Elizabeth Kingsley is credited with inventing the puzzle for Saturday Review in 1934, under the name double-crostic. Since then, other nonce words ending in "-crostic" have been used. Anacrostic may be the most accurate term used, and hence most common, as it is a portmanteau of anagram and acrostic, referencing the fact that the solution is an anagram of the clue answers, and the author of the quote is hidden in the clue answers acrostically. Later Saturday Review constructors were Doris Nash Wortman, Thomas Middleton, and Barry Tunick. Thomas Middleton also produced many puzzles for Harpers Magazine. Kingsley, Wortman, and Middleton created additional puzzles for The New York Times from 1952 to 1999, but not more than one every other week. Emily Cox and Henry Rathvon took over the bi-weekly setting duties for the NYT in 1999.

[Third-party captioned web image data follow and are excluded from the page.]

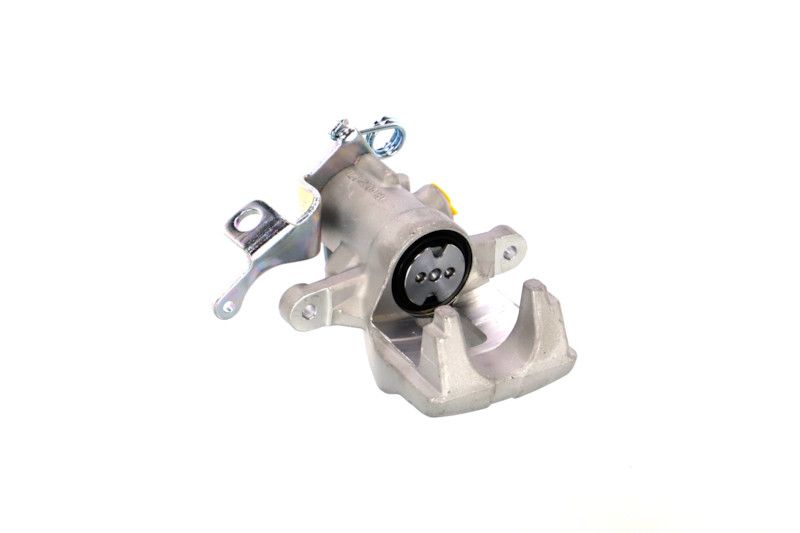 REMANTE 012-001-000213R Brake Caliper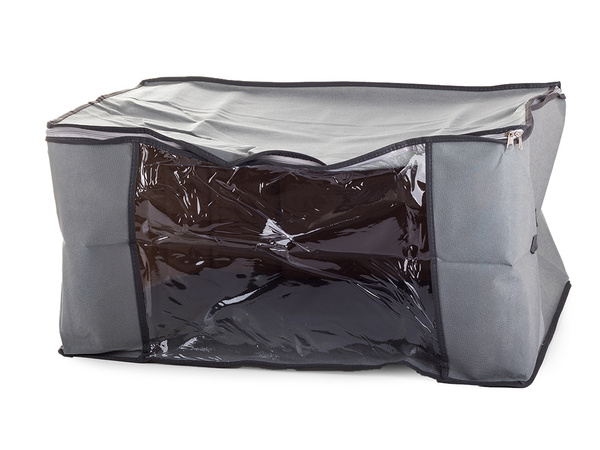 Schuhschrank organizer kleidung spielzeug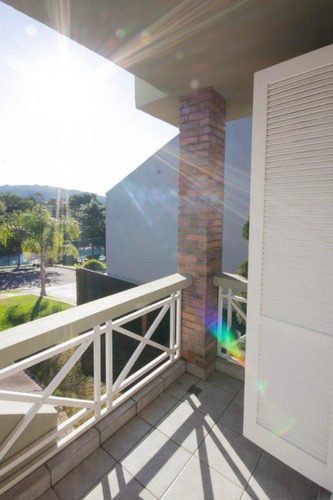 Casa Alto Padrão 4 Dormitórios Bairro Agronomia - Ca1050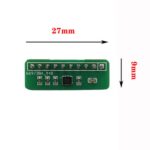 Módulo Air Mouse para Flipper Zero - Imagen 2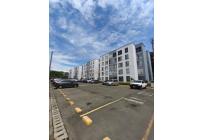 Apartamentos, Alquiler, Brisas de los Álamos - $1.400.000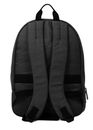 RONCATO Revive Zaino Backpack Grafite RONCATO Revive Zaino Backpack Grafite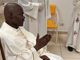 Priest with cancer dies 23 days after his hospital room ordination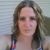 Crystal Childers Harris's profile image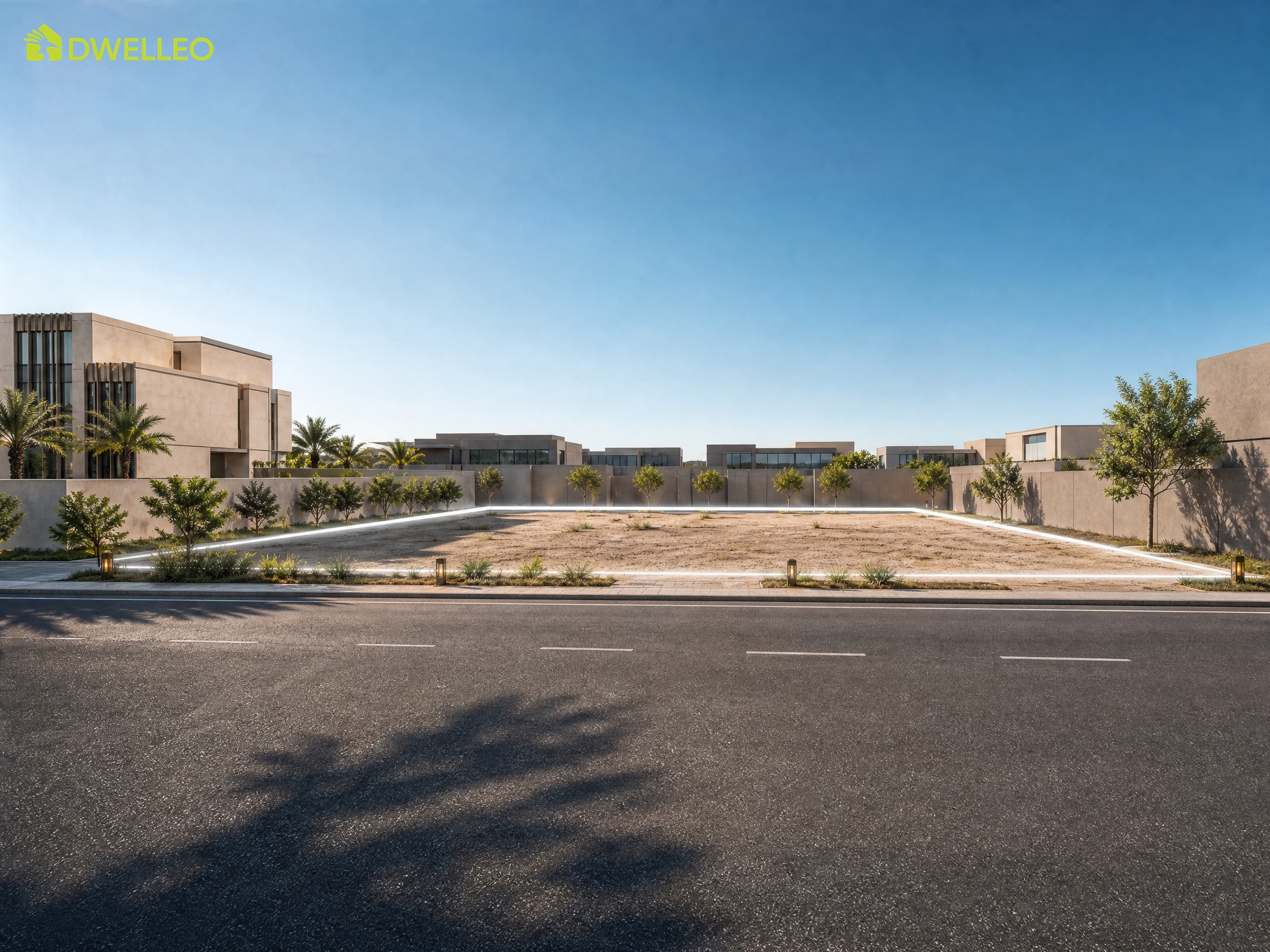 Property thumbnail 2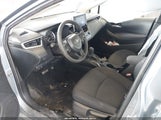 Toyota Corolla Le JTDEPMAE6MJ171628 снимка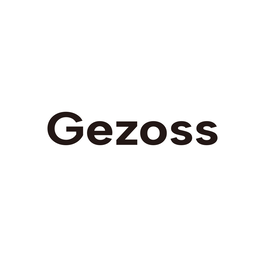 GEZOSS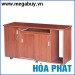 Tủ phụ Hoà phát TP02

A similar puzzle, called a Trans-O-Gram, by Svend Petersen, and later, Kem Putney, appeared in National Review from 1963 to 1993. Trans-O-Grams were often themed puzzles, with clues related to the quote. The name Duo-Crostic was used by the Los Angeles Times for puzzles by Barry Tunick and Sylvia Bursztyn. Charles Preston created Quote-Acrostics for The Washington Post. Charles Duerr, who died in 1999, authored many "Dur-acrostic" books and was a contributor of acrostics to the Saturday Review. Michael Ashley's "Double Cross" acrostics have appeared in GAMES and GAMES World of Puzzles since 1978.

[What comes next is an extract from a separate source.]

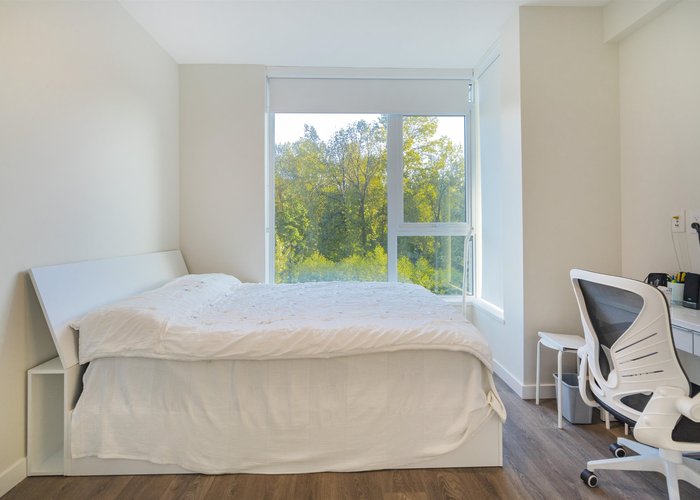 707 - 308 Morrissey Road, Port Moody, BC V3H 0M2 |  Photo 57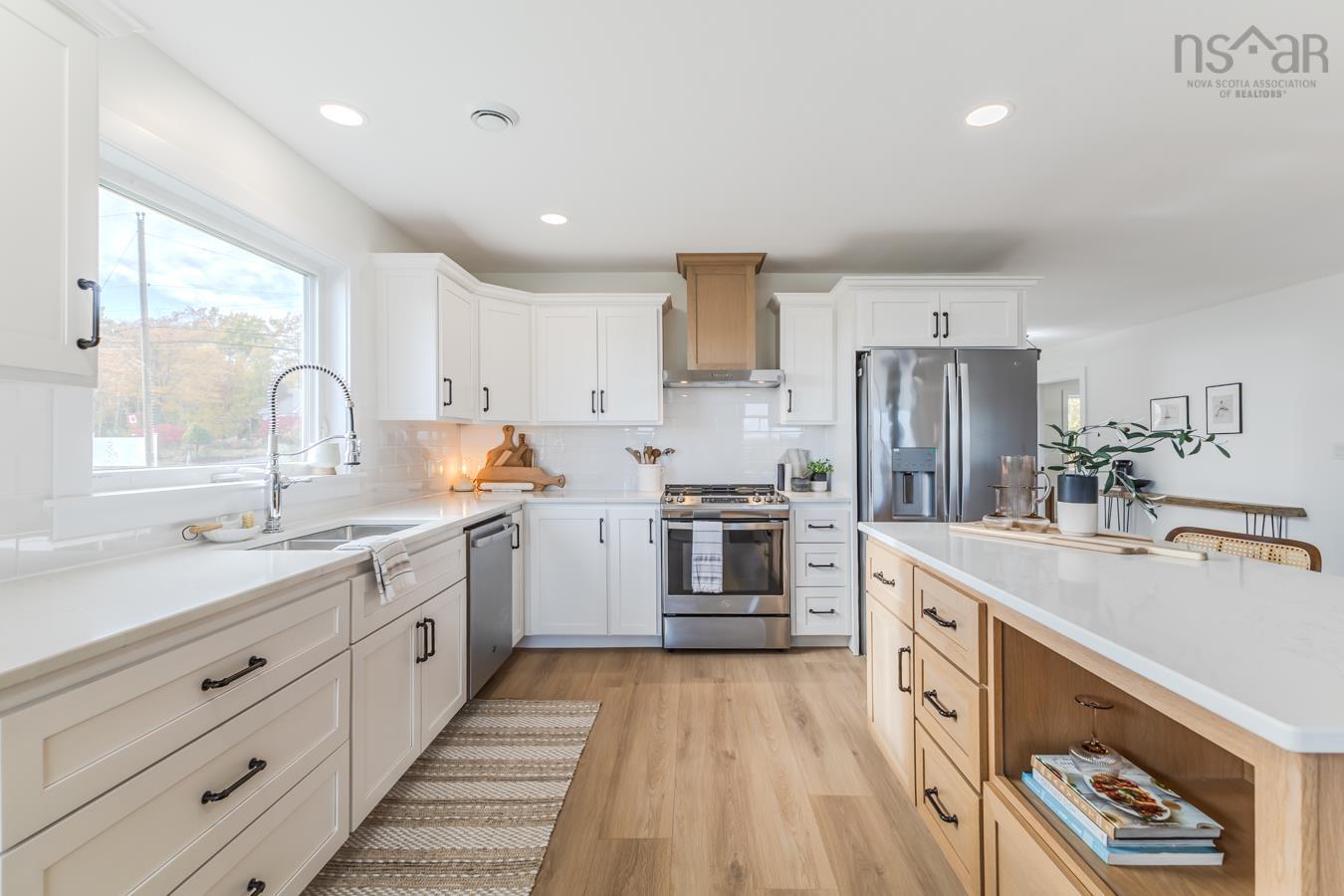 $549,500.00: 321 Beeches Rd, Pictou, Pictou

Writer and academic Isaac Asimov enjoyed acrostics, comparing them favorably to crossword puzzles. In "Yours, Isaac Asimov", published three years after his 1992 death, he wrote, "As it happens, I don't... have time for hobbies. But I am a fiend at Crostics. Crostics don't have the public that crosswords do, because Crostics seem hard. They aren't, and they're infinitely more interesting than crosswords."